Items from a data source:
---

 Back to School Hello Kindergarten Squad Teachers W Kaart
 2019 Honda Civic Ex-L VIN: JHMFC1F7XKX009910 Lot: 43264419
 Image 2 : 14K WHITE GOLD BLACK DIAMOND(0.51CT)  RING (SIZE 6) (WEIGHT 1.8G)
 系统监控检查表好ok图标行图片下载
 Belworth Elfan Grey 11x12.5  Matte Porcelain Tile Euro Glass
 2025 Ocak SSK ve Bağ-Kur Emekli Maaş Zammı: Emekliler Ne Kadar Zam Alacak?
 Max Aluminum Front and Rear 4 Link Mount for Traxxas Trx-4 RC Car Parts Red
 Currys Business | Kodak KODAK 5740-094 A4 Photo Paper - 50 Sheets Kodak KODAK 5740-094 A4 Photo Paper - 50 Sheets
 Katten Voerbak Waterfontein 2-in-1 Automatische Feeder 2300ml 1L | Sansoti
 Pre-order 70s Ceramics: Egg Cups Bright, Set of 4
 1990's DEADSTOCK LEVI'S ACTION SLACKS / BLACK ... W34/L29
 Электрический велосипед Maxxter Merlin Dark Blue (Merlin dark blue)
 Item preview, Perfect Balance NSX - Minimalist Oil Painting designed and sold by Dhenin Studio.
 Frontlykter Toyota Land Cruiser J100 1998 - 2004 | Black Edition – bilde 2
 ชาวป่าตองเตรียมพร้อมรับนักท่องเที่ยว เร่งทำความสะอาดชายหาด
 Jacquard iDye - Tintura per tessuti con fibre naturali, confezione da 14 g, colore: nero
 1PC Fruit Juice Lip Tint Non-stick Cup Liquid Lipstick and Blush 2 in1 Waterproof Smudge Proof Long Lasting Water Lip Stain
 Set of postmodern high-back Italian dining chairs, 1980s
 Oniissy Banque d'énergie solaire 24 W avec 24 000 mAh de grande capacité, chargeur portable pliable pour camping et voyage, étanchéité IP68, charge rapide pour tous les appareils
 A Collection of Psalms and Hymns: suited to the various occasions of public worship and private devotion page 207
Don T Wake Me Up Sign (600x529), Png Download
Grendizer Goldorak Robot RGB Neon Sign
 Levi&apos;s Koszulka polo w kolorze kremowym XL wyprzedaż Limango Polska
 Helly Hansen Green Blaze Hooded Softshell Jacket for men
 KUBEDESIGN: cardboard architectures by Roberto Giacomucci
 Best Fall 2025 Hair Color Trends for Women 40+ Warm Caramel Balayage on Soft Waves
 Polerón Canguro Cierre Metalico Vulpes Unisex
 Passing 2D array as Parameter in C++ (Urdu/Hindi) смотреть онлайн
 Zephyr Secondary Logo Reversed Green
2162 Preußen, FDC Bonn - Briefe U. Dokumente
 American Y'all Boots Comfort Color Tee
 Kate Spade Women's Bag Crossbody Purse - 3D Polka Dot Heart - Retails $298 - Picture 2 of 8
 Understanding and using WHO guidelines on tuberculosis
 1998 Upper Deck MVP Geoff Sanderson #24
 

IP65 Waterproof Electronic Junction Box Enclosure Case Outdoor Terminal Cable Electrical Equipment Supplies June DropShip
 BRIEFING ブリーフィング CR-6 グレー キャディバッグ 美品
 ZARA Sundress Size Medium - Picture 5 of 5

---

Transcribe the lines from the first line of the records through the line that contains "1990's DEADSTOCK LEVI'S", both included, and add nothing else.

 Back to School Hello Kindergarten Squad Teachers W Kaart
 2019 Honda Civic Ex-L VIN: JHMFC1F7XKX009910 Lot: 43264419
 Image 2 : 14K WHITE GOLD BLACK DIAMOND(0.51CT)  RING (SIZE 6) (WEIGHT 1.8G)
 系统监控检查表好ok图标行图片下载
 Belworth Elfan Grey 11x12.5  Matte Porcelain Tile Euro Glass
 2025 Ocak SSK ve Bağ-Kur Emekli Maaş Zammı: Emekliler Ne Kadar Zam Alacak?
 Max Aluminum Front and Rear 4 Link Mount for Traxxas Trx-4 RC Car Parts Red
 Currys Business | Kodak KODAK 5740-094 A4 Photo Paper - 50 Sheets Kodak KODAK 5740-094 A4 Photo Paper - 50 Sheets
 Katten Voerbak Waterfontein 2-in-1 Automatische Feeder 2300ml 1L | Sansoti
 Pre-order 70s Ceramics: Egg Cups Bright, Set of 4
 1990's DEADSTOCK LEVI'S ACTION SLACKS / BLACK ... W34/L29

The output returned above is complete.